Paisley Oregon and the Triumphant Return
by Amy Beaton
I came into mountain biking late in life. My kids were in high school and I was in my forties. I had taken judo classes with my kids, so I was used to falling. Their dad, my old husband, had dumped me and a friend loaned me a Santa Cruz bike for some months. Eventually, I bought my own bike on Craigslist. I had a few independent years riding before meeting my now husband, Dana, on Craigslist… It seems I find all the best things on Craigslist.
Some forty years later, I still get delighted by a new trail or route. When the mechanic at my local bike shop told me about the Oregon Timber Trail, I immediately looked up the site.
From the website, I got the impression that these were my kind of people, good folks, and I ordered a map. I had my copy of the map framed and Rainy Peak Bicycles Shop was proud to hang it.
I’m 63 years old now, and I’m lucky because I live in a town with a bike shop and a bike path. Infrastructure could mean that to everyone. My convalescing sister bought a geared recumbent tricycle from my local bike shop. She came to visit from New Jersey and stayed for six months. After she left, I started riding the trike on our paved 17 mile Row River Trail that leads out of the historic downtown up to the mountains. I had given up mountain biking as I couldn’t put weight on the wrist, hand, elbow, shoulder, and especially my cervical spine. That was because of a work injury years earlier. The trike worked for me because I could be out there riding. I increased my stamina and in a year or so I realized my precious old mountain bike was wasting in the attic, that I should pass it along, let it get ridden.
But, when my husband was handing my old Superlight down the aluminum folding ladder from the attic, I thought “No! I am going to ride this bike”.
I got a call from the OTTA sometime after I purchased the map and an enthusiastic person was reaching out for the 2021 season. I jumped to conclusions thinking they needed sponsors for race participants. No, that wasn’t it. Did they need ride support? No, that wasn’t it. He was calling to share the Stewardship mission and trail building events. So I asked, “How much does it cost?” This is what you do when you’re married to the cheapest guy on the planet. I thought it was a fundraiser that sounded fantastic. No, that wasn’t it either. They wanted volunteers to work. Since I’m now disabled, I thought it would be a great opportunity for my husband and it sounded like fun, a chance to volunteer with other like-minded people.

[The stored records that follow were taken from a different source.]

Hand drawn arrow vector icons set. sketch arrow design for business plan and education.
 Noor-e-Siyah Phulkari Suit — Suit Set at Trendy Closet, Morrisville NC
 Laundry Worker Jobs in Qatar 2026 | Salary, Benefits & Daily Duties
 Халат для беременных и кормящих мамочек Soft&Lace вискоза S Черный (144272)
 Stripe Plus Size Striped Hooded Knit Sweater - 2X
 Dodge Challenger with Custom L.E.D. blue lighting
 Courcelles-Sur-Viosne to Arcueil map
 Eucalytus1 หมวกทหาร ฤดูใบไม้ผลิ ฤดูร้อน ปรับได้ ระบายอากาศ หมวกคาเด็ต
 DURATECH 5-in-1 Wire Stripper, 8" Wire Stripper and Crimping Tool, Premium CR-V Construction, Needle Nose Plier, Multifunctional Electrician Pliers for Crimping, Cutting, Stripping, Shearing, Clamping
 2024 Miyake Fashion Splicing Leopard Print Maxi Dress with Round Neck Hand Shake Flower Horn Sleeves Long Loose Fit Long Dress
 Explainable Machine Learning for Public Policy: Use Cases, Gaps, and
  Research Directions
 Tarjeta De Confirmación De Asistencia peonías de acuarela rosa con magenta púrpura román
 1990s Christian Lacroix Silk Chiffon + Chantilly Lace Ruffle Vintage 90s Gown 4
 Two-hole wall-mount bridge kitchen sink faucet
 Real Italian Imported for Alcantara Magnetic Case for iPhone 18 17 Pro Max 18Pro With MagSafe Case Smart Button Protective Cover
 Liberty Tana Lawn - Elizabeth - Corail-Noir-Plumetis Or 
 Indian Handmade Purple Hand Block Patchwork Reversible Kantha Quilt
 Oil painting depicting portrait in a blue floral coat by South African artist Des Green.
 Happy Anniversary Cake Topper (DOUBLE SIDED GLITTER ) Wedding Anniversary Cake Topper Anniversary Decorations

I looked at the events and signed up for the Watson Fire Rehab on Memorial Day Weekend. We had driven the Oregon Outback the previous summer on our way to the High Sierras and were curious about Paisley. On that trip, we slept in the ODOT yard just north of Summer Lake. Being married to the cheapest guy on the planet means you enjoy sleeping under a decrepit camper shell on a long bed plywood platform that was installed to accommodate his 9 (count ‘em 9) cardboard banana-box-storage-system beneath. Ah, the 1984 Toyota pick-up. so functional, reliable. Despite the creative sleeping accommodations, I was smitten by this part of Oregon.
To prepare for the Watson Fire Rehab, I ordered more maps and went to the Cottage Grove Knechts to buy some used coveralls because from what I read it sounded very sooty and blackened on the Fremont. Chet, at the Knecht’s counter, asked where I was going, and it turns out, he had been raised outside of Paisley on a ranch. He gave me a window into growing up in Paisley when taking the school bus into town required him to get up at 4:30 am in his high school years. He opined that the coveralls would be too hot; +that I was crazy to work for free and for good measure told me that he could fix anything that runs. I still bought the coveralls.
Finally, Memorial Day approached, I was pretty excited. This would be for me an extreme challenge–enduring the exposure. elevation changes, climate, and general conditions. I’m talking about just getting to the event and surviving the work party here, not “riding” the Timber Trail. Still, it was the perfect adventure.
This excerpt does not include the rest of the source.